Esses valores não podem ser concebidos como se fossem facultativos ou fossem uma questão pessoal de opção: o tempo é costurado na sua diversidade histórica por uma variação de valores por meios dos quais as obras são lidas. Portanto, as obras podem ter uma recepção muito minguada em novos horizontes históricos, mais exigentes com relação a certos temas como a misoginia e o racismo, e podem mesmo ser esquecidas. Aliás, foram valores racistas, inscritos numa dimensão estrutural, que silenciaram tantas vozes ao longo da história da recepção da literatura negra e de várias expressões de arte da negritude.
Nesse sentido, uma posição decolonial denuncia a meritocracia não tanto para anular a priori certas obras ou para também a priori eleger outras, mas para certificar que as obras não falam por si mesmas. Elas só são escutadas, lidas e apreciadas porque existe um espaço de recepção cuja hegemonia dos mesmos autores já não se faz sem uma forte carga crítica. E é graças a essa crítica que se desloca o centro do poder. Com isso, novas expressões artísticas circulam nos espaços de aparecimento. Foi exatamente o que ocorreu num debate a propósito da Semana de Arte Moderna no Teatro Municipal com a presença de Allan da Rosa e José Miguel Wisnik. Enquanto em 1922 a semana era composta basicamente por homens brancos, o debate sobre a recepção da semana já não pode ser feito, cem anos depois, sem a presença de pessoas negras porque é majoritariamente por elas que sabemos que longe de expressarem um universal, as obras, produzidas por aqueles homens que fizeram a semana, representavam um recorte do Brasil, da modernidade.
Novamente, não se trata de julgar a obra dos artistas da Semana de Arte Moderna, mas de denunciar a rede de privilégios que os fizerem, a despeito da seletividade de suas leituras, expressões do moderno no Brasil. O objetivo do discurso decolonial é mostrar que toda recepção da obra é parcial porque sempre apresenta uma visão que é uma parcela do real e nunca esgota a realidade.

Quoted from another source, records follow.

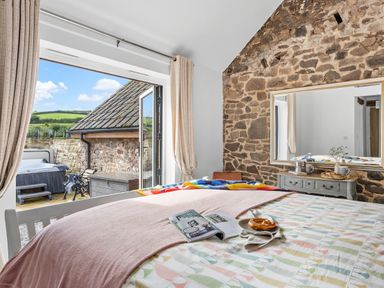A bedroom with a bed and an open door leading to an outdoor patio with a hot tub and a stone wall at The Farm Office in Bampton Devon
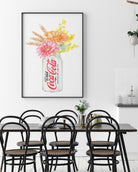 Framed artwork of a Diet Coke can with flowers above a dining table.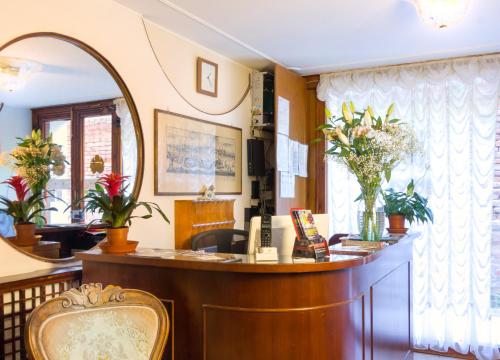 威尼斯莱奥纳多酒店的一间设有前台和镜子的等候室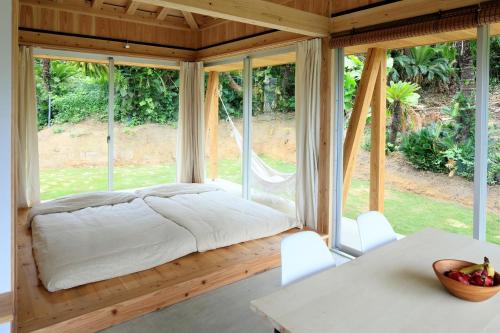 a bedroom with a bed in a room with windows at SHINMINKA Villa UTTABARU - Vacation STAY 92209 in Amami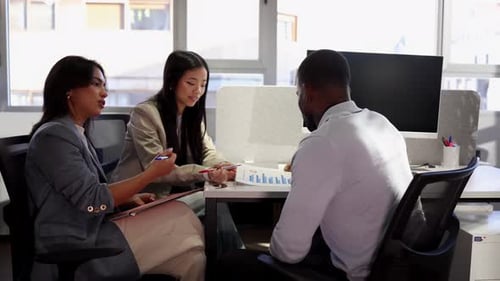 Coworkers discussing business strategy in modern office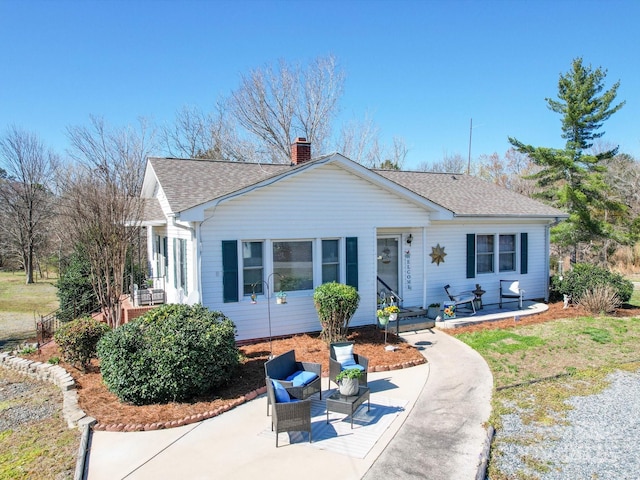 view of front of property with a patio area, a chimney, and a shingled roof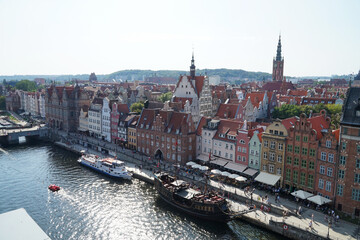 Obraz premium Houses on the birch of the river Marvta Wisla in Gdansk. Poland 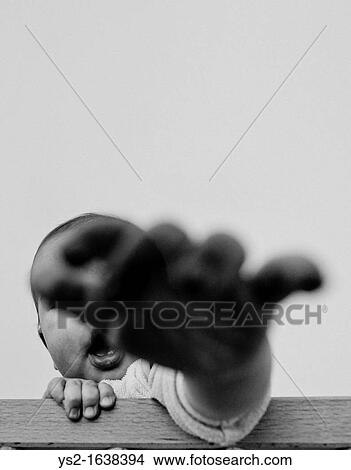 Baby reaching out View Large Photo Image Picture - Baby reaching out. Fotosearch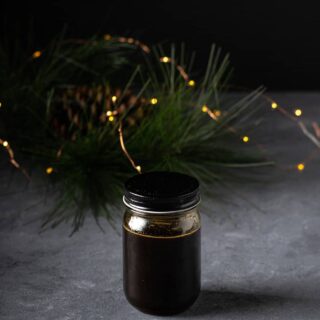 a jar of gingerbread syrup with twinkle lights behind it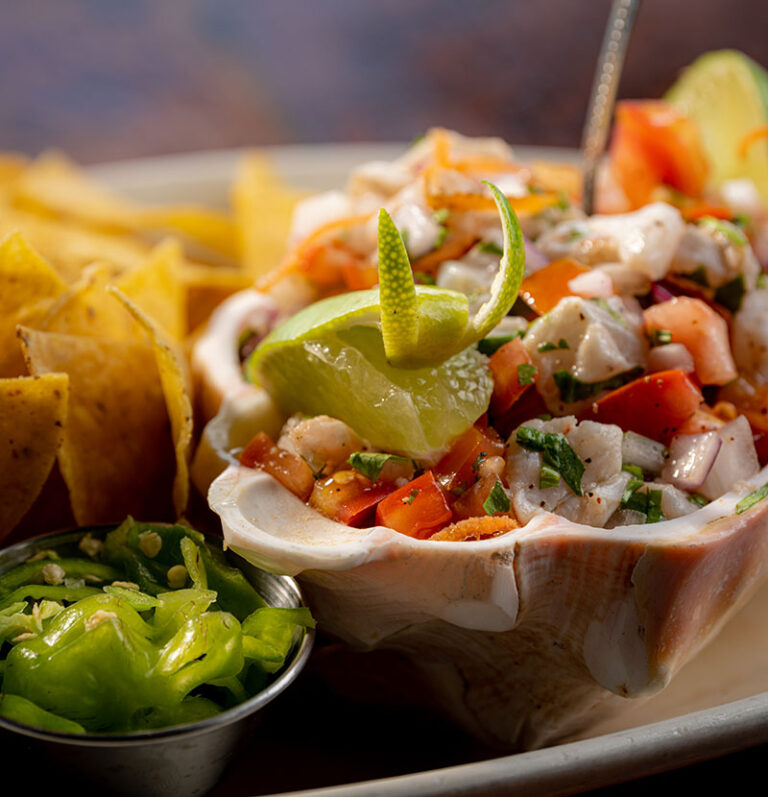Island Ceviche served in a seashell at Palapa Bar and Grill in San Pedro, Belize
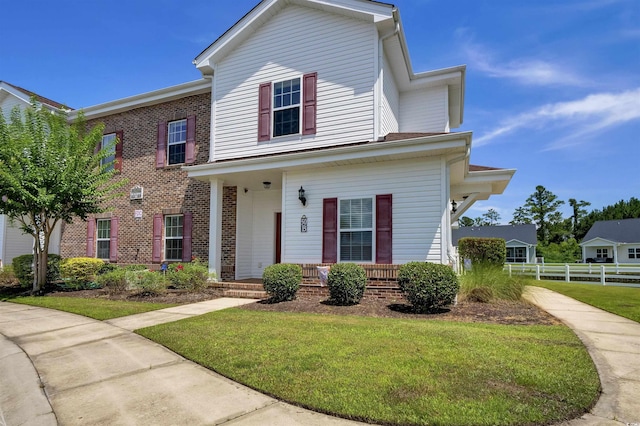 8855 Radcliff Dr NW Unit 50B, Calabash, NC 28467 - view of front of house featuring brick siding and a porch
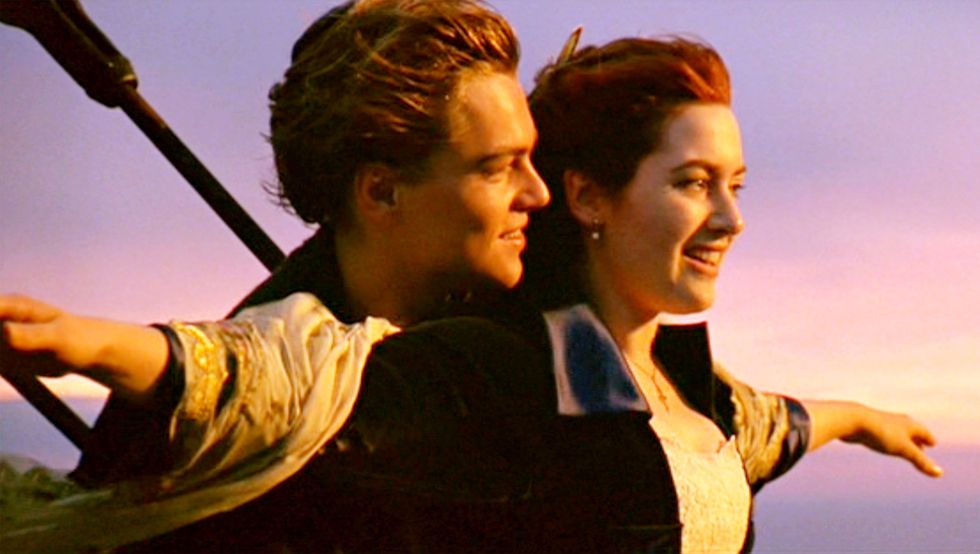 leonardo dicaprio holding kate winslet, who has her arms expanded outward, on the front of a ship in a promotional still for the movie titanic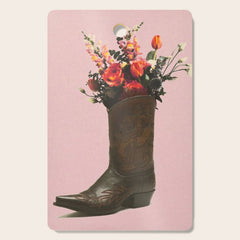 A Cowboy Boot With Spring Bouquet Cutting Board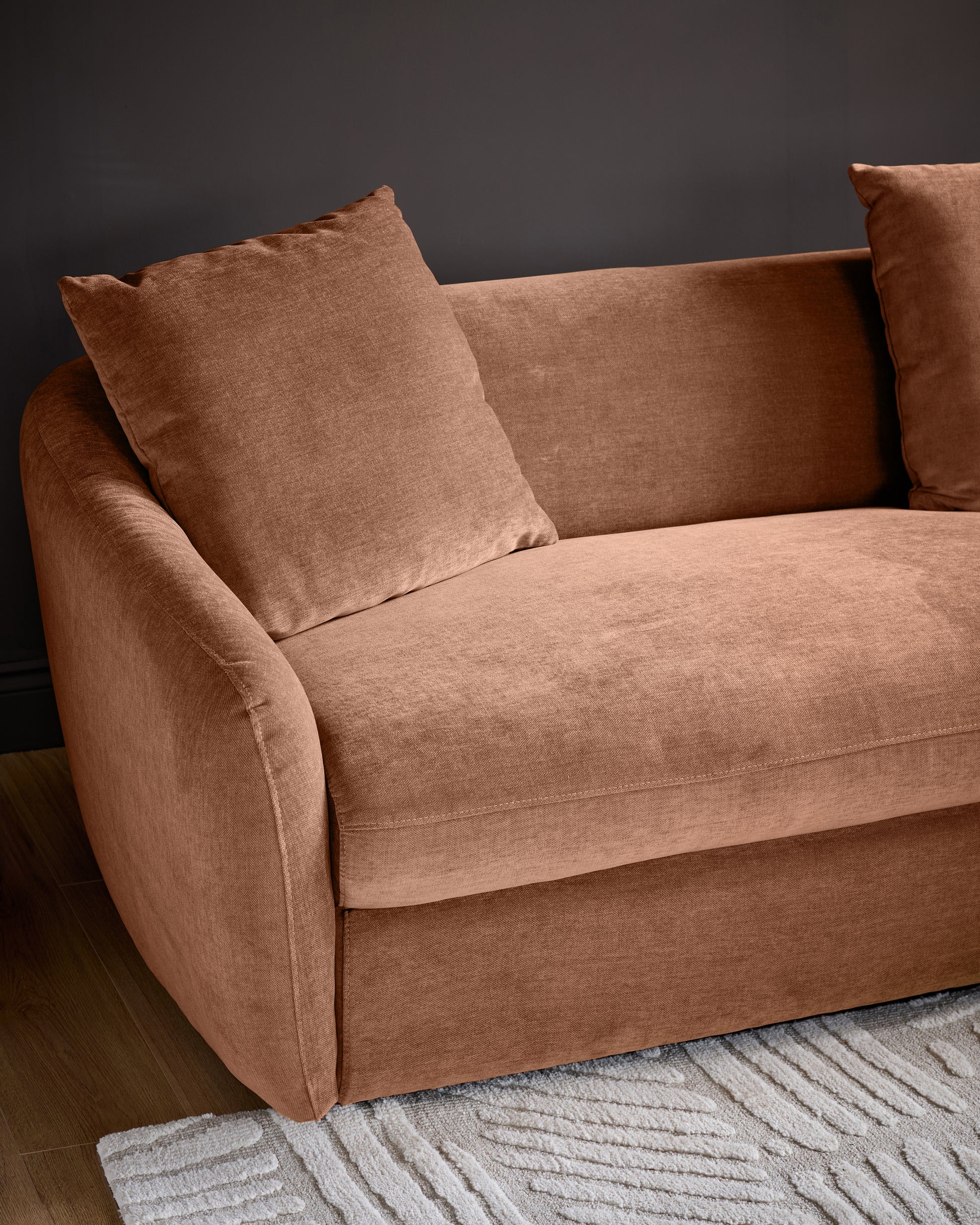 Apricot fabric right-hand corner chaise sofa with curved armrests and matching cushions, angled view against gray wall.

Por isso, o desafio é erradicar a ideia de que existe um mérito que projeta uma obra de arte para uma dimensão atemporal não apenas para reafirmar as vozes que foram silenciadas, mas sobretudo para mostrar que ninguém fala do lugar de uma condição estética privilegiada para ditar o que pode ou não ser o cânone universal. Se podemos acompanhar Allan da Rosa quando ele diz que: “toda vez que a palavra universal foi usada foi para massacrar o meu povo [negro]”, é porque a palavra mérito é outro lado dessa opressão. Assim, não se trata de reconfigurar o universal ou de anular as eventuais qualidades que uma obra de arte pode portar para determinado grupo, especialmente quando ela é uma janela para ampliar possibilidades de percebermos as nossas humanidades, mas de alertar que o mérito é uma ficção não propriamente literária e sim inscrita numa vontade de domínio na forma da reafirmação do mesmo.
Érico Andrade é filósofo, psicanalista, professor da Universidade Federal de Pernambuco.